The challenge is that you are going to be operating in a single-pilot environment in lousy weather and probably with a manually cycled system. If you cannot select an automatic cycling option, you will have to work at cycling the boots frequently. Don’t wait until starting the approach to cycle the boots the first time; that first cycle, and the second and maybe third, will not get the wing as clean as it could be. It is probably going to require multiple cycles. You want this condition to be achieved before beginning the approach, bearing in mind that operating the boots too close to the flare may be detrimental in itself. Be sure to know what the manufacturer’s recommended procedures are for boot operation on final approach.
There are two more important points. First, AC 91-74B plainly states the following:
“An ice adhesion inhibitor should be applied to pneumatic deicing boots in accordance with the maintenance manual and is highly recommended. Testing in 2005 showed that the proper application of ice adhesion inhibitors improved ice shedding at colder temperatures and a reduced amount of residual and intercycle ice. Any product that is not recommended by the airplane or boot manufacturer should be approved by the FAA.”
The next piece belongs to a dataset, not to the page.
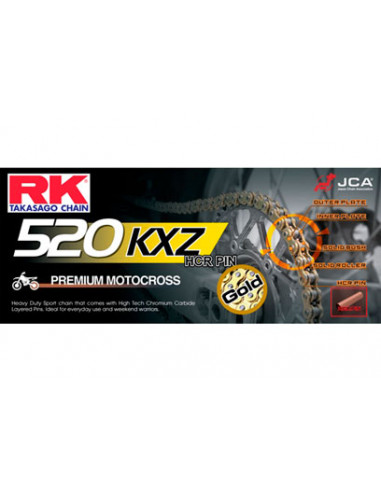 CHAINE RK GB520KXZ  36 MAILLONS avec Attache Rapide.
Second, there will likely be a manufacturer-recommended approach speed adjustment, and you need to know what it is and use it. This may have been published through an Airworthiness Directive. Recall the conclusion from Mike Bragg’s research that, even with optimal boot cycling, the maximum coefficient of lift can be reduced by as much as 50%. While some of this is possibly due to the small scale of the test airfoil used in the icing tunnel, it still suggests a significant reduction in the maximum coefficient of lift. The speed additive is intended to keep the approach angle of attack safely away from the reduced peak of the lift curve.
And remember, as Dean Bowden showed in 1956: when you flare, the drag is likely to go right through the roof. Be prepared to land with power.
Finally, keep in mind Bob Buck’s admonition about boots from 1944: “First of all they do not completely mean that an airplane can be flown in all kinds of ice for an indefinite period. They will take care of light icing conditions and occasionally moderate ice, but their prime objective is to help you get up through and down through ice.”